The first known maps to show California as an island were on the title pages of Antonio de Herrera’s Descripción de las Indias Occidentales (1622) and Jacob le Maire's Spieghel Der Australische Navigatie (1622). Two early examples of larger maps are those by Abraham Goos (1624) and another by Henry Briggs, which was included in Samuel Purchas’ Hakluytus Posthumus or Purchas his Pilgrimes (1625). In addition to Briggs and Goos, prominent practitioners like Jan Jansson and Nicolas Sanson adopted the new island and the practice became commonplace. John Speed’s map (1626-7), based on Briggs’ work, is well known for being one of the first to depict an insular California.
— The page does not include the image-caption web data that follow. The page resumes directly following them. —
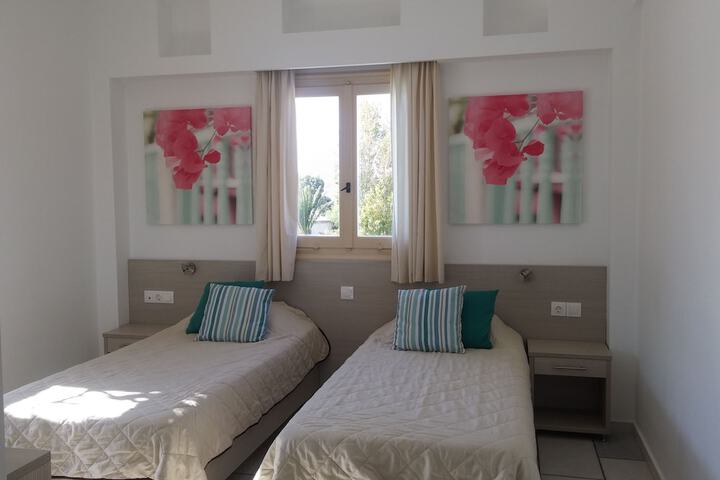 Room 9 of 52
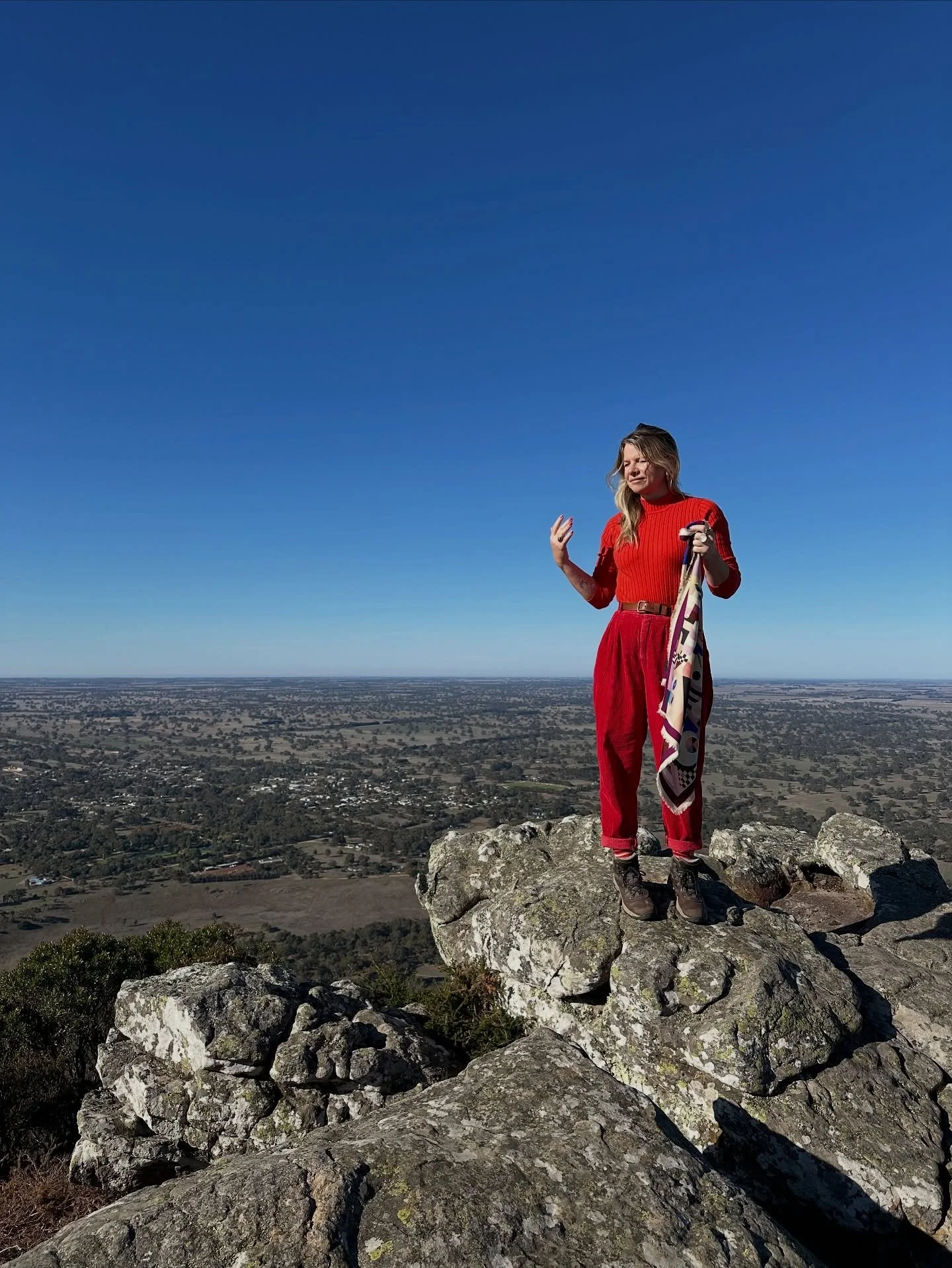 Mountain mornings always my fav. ⛰️ 

My reminder to return to myself, that I am my home. The Mountain is me. Also the reminder I can do hard things. There are less people at the top of the Mountain! 

Running a #paintmarathon bts.. new work coming t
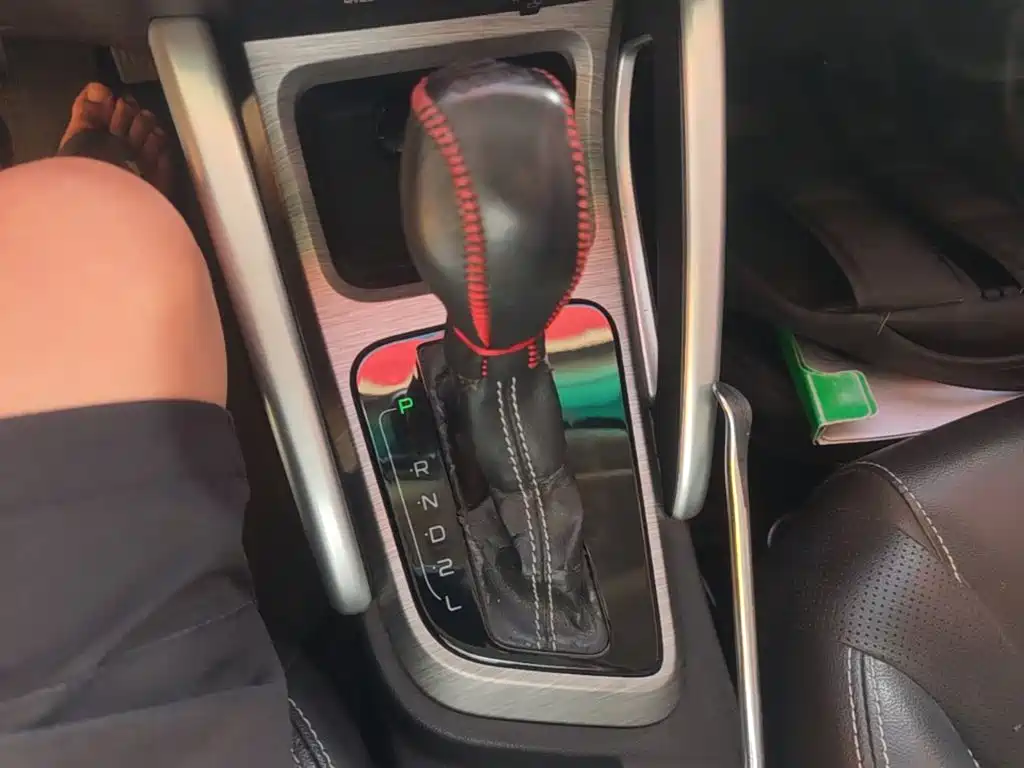 Geely Vision X3 — миниатюра 14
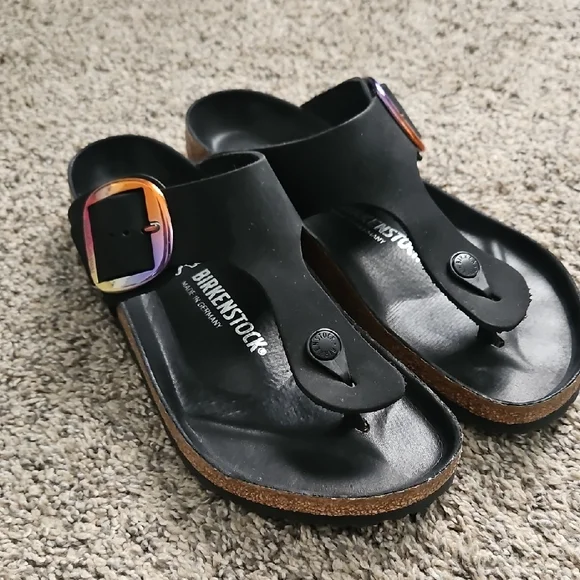Birkenstock Gizeh Big Buckle Sandals with Iridescent Buckle - Picture 1 of 4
The island of California became a fixture on mid- and late-seventeenth century maps. The island suggested possible links to the Northwest Passage, with rivers in the North American interior supposedly connecting to the sea between California and the mainland. Furthermore, Francis Drake had landed in northern California on his circumnavigation (1577-80) and an insular California suggested that Spanish power in the area could be questioned.

Not everyone was convinced, however. Father Eusebio Kino, after extensive travels in what is now California, Arizona, and northern Mexico concluded that the island was actually a peninsula and published a map refuting the claim (Paris, 1705). Another skeptic was Guillaume De L’Isle. In 1700, De L’Isle discussed “whether California is an Island or a part of the continent” with J. D. Cassini; the letter was published in 1715. After reviewing all the literature available to him in Paris, De L’Isle concluded that the evidence supporting an insular California was not trustworthy. He also cited more recent explorations by the Jesuits (including Kino) that disproved the island theory. Later, in his map of 1722 (Carte d’Amerique dressee pour l’usage du Roy), De L’Isle would abandon the island theory entirely.

Despite Kino’s and De L’Isle’s work, California as an island remained common on maps until the mid-eighteenth century. De L’Isle’s son-in-law, Philippe Buache, for example, remained an adherent of the island depiction for some time. Another believer was Herman Moll, who reported that California was unequivocally an island, for he had had sailors in his offices that claimed to have circumnavigated it. In the face of such skepticism, the King of Spain, Ferdinand VII, had to issue a decree in 1747 proclaiming California to be a peninsula connected to North America; the geographic chimera, no matter how appealing, was not to be suffered any longer, although a few final maps were printed with the lingering island.

Reference
Burden, 214; Fite & Frememan 128-31; McLaughlin with Mayo, The Mapping of California as an Island: An Illustrated Checklist, 2; Leighly, California as an Island: An Illustrated Essay, pl. 3; Polk, The Island of California: A History of the Myth (Spokane: Arthur H. Clark Company, 1991). Many thanks to the Nantucket Historical Association for their input. KAP
Henry Briggs Biography

Henry Briggs (bap. 1561-1631) was an English mathematician. He is best known for his pioneering work on logarithms and his 1625 map depicting California as an island, the first English map to do so. He hailed from Yorkshire and attended St John’s College, Cambridge, where he studied mathematics. In 1597, he was appointed as geometry professor at Gresham College, London, where he wrote several treatises on mathematics and navigation. Inspired by the work of John Napier, Briggs focused his research on the computation of logarithms. In 1619, Briggs took up the newly-created Saville Professorship of geometry at Oxford and lived in Merton College. He died there in 1631.